━━━ The records

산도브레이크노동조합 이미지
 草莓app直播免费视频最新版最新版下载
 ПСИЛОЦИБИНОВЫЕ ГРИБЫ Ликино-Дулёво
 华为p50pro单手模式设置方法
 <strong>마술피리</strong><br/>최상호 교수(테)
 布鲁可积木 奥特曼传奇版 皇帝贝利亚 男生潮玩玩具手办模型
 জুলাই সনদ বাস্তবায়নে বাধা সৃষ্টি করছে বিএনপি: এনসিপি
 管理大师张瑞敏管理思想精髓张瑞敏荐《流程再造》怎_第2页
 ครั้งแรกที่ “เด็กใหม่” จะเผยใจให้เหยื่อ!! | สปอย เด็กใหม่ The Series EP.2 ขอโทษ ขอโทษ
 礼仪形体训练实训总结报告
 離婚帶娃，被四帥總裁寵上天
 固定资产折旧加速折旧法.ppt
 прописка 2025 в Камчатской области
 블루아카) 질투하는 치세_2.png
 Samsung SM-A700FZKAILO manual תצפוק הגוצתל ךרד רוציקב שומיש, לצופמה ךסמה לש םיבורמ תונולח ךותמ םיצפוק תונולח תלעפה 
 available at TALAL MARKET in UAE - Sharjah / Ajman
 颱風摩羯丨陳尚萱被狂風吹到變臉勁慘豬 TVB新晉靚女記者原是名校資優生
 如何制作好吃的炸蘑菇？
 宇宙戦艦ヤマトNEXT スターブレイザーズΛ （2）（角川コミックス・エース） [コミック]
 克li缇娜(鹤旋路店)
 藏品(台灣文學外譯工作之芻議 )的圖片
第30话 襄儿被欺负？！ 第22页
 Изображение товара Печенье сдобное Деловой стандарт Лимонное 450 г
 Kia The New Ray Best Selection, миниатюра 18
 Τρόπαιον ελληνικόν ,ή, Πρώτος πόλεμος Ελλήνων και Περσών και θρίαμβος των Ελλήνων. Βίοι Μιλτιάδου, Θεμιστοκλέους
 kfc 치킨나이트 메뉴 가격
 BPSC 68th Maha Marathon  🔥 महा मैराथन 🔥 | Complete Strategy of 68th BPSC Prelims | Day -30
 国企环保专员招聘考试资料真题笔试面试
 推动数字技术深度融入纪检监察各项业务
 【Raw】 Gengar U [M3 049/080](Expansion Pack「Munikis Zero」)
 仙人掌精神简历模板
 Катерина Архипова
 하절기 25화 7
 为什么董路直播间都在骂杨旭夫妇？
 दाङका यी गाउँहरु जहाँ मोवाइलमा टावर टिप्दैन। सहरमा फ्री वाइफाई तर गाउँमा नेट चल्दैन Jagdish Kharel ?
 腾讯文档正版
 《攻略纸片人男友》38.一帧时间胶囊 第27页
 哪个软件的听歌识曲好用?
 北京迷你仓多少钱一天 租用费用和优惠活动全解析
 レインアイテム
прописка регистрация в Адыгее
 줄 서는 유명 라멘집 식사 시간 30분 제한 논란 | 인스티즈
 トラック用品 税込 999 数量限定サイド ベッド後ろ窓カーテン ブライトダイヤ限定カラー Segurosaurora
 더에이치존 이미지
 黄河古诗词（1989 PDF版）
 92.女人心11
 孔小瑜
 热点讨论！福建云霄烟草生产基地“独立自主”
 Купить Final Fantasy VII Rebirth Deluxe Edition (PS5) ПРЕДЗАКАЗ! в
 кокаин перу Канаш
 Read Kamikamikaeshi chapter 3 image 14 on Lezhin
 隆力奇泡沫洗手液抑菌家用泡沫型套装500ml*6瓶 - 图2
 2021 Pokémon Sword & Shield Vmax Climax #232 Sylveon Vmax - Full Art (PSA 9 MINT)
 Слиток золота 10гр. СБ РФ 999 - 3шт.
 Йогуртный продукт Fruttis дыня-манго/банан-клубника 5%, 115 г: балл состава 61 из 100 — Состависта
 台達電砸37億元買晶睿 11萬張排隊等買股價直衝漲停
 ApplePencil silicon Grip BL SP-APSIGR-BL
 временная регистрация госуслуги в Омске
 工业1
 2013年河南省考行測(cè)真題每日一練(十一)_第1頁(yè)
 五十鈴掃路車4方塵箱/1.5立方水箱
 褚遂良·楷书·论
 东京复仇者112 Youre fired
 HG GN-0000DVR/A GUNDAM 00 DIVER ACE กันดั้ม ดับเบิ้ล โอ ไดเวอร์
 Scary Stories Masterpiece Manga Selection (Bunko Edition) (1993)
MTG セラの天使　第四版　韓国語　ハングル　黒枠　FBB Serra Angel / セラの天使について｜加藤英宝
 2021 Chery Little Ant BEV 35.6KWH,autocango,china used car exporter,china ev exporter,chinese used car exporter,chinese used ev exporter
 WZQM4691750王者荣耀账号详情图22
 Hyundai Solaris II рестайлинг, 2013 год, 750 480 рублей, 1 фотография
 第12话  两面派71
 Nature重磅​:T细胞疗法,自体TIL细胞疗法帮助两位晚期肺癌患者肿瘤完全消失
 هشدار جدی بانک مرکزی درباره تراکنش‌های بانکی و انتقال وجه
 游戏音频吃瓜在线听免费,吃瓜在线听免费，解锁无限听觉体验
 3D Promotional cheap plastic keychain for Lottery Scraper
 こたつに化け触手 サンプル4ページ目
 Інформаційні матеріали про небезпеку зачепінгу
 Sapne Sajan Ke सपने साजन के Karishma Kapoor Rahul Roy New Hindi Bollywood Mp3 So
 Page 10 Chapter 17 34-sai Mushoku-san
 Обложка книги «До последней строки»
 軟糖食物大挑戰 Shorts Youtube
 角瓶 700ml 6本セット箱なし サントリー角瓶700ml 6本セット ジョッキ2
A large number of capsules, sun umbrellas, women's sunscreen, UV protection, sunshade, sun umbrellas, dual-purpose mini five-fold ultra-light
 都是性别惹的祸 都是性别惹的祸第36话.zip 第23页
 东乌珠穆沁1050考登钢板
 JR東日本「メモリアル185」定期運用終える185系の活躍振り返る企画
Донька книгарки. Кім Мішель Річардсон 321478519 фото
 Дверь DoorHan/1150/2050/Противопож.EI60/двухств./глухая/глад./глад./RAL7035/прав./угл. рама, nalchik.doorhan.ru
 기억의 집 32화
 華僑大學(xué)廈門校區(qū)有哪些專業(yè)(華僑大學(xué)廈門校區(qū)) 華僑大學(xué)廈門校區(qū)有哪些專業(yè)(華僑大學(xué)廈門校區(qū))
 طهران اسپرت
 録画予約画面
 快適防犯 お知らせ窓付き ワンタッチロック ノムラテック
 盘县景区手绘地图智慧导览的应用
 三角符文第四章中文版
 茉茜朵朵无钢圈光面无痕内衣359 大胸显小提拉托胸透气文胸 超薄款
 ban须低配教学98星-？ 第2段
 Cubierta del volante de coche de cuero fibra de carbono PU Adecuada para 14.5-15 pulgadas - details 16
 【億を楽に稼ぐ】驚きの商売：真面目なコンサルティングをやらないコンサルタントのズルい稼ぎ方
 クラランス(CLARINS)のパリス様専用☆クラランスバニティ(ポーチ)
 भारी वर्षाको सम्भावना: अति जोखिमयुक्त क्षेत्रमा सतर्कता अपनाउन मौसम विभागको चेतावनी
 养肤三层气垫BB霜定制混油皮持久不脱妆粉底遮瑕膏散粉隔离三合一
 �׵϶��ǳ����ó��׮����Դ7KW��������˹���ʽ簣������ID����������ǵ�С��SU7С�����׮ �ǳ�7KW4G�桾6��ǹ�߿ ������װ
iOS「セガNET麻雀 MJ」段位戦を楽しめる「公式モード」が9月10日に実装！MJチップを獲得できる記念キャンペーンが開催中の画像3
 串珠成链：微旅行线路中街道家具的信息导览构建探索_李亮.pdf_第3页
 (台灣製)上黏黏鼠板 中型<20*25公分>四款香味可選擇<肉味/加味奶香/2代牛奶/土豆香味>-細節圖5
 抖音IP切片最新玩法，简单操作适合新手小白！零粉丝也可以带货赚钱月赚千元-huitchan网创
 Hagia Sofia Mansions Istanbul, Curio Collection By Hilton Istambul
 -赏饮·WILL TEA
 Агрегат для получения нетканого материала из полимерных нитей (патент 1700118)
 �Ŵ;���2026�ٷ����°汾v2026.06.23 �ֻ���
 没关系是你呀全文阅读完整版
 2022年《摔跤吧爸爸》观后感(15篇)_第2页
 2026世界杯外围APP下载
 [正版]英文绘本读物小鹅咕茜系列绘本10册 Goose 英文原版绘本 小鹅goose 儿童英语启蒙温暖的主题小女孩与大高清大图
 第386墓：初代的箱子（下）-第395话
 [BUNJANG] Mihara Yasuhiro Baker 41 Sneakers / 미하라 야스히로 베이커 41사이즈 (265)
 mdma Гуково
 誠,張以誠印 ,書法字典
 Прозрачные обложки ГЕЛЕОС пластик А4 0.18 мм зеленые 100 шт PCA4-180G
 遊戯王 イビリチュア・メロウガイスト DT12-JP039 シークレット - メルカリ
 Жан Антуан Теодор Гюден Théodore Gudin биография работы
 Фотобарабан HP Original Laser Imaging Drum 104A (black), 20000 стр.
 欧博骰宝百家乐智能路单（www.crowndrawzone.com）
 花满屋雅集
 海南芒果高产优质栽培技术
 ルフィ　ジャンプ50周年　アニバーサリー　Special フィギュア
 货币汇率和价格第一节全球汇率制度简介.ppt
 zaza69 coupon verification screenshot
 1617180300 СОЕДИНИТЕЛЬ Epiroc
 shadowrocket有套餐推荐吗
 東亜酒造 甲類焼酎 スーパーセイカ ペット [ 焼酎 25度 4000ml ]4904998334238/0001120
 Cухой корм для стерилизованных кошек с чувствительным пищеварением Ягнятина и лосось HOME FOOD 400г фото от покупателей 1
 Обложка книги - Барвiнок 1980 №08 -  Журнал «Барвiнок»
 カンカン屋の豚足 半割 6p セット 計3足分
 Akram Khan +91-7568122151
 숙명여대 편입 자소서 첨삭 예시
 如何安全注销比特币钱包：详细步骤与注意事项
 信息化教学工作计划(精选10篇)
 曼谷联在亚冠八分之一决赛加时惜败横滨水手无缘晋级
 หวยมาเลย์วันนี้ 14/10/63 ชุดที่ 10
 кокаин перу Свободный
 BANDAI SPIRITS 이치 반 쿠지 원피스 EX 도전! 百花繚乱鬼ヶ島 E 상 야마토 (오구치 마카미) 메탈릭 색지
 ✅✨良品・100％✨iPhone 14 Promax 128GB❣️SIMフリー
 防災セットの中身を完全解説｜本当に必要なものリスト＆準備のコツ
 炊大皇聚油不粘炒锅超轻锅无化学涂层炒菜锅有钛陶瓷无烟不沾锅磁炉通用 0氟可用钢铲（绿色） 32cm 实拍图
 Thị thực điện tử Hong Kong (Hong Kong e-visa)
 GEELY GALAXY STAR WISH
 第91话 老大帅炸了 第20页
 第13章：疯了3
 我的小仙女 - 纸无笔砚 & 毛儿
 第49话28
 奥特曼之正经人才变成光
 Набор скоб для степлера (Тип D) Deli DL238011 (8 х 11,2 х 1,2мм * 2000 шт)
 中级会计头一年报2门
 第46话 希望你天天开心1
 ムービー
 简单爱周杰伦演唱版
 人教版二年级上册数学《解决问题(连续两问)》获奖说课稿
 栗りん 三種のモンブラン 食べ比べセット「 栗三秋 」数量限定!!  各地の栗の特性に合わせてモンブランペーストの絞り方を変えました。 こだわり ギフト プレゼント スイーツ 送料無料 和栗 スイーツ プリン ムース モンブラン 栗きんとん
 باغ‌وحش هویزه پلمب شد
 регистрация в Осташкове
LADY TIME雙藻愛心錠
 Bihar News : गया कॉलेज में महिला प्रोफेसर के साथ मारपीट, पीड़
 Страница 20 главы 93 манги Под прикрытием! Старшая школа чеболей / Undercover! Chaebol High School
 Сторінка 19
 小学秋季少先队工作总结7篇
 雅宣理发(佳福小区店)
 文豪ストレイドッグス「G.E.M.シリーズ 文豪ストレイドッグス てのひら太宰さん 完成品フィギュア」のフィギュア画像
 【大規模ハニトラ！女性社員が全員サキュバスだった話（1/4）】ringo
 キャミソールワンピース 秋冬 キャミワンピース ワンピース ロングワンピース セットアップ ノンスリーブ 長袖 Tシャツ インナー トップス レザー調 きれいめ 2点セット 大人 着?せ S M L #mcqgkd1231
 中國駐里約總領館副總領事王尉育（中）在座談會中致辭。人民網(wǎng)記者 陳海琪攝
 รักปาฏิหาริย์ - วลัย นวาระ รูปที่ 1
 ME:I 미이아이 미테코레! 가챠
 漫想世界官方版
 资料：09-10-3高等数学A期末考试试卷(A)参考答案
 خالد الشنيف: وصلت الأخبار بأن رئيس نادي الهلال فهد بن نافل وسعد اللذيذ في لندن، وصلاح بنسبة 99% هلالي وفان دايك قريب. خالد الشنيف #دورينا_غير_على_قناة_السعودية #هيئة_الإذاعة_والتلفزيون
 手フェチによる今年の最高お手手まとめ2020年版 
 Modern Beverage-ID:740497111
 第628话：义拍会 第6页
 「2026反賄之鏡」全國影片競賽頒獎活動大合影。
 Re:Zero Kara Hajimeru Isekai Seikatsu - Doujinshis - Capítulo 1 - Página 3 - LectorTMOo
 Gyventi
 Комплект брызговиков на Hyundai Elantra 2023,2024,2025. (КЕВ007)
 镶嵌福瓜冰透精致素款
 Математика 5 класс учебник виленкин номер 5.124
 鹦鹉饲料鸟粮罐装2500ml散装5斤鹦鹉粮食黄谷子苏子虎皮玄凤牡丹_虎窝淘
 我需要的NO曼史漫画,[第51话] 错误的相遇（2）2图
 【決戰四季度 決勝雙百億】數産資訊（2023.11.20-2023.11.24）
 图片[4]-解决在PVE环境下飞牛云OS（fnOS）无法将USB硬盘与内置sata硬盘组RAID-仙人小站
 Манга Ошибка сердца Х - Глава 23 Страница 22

━━━━━━

• Your instructions: Take the line above containing "小学秋季少先队工作总结7篇", the line containing "ME:I 미이아이 미테코레! 가챠", and all lines in between, and copy them exactly without anything else.

• Solution to this exercise:
 小学秋季少先队工作总结7篇
 雅宣理发(佳福小区店)
 文豪ストレイドッグス「G.E.M.シリーズ 文豪ストレイドッグス てのひら太宰さん 完成品フィギュア」のフィギュア画像
 【大規模ハニトラ！女性社員が全員サキュバスだった話（1/4）】ringo
 キャミソールワンピース 秋冬 キャミワンピース ワンピース ロングワンピース セットアップ ノンスリーブ 長袖 Tシャツ インナー トップス レザー調 きれいめ 2点セット 大人 着?せ S M L #mcqgkd1231
 中國駐里約總領館副總領事王尉育（中）在座談會中致辭。人民網(wǎng)記者 陳海琪攝
 รักปาฏิหาริย์ - วลัย นวาระ รูปที่ 1
 ME:I 미이아이 미테코레! 가챠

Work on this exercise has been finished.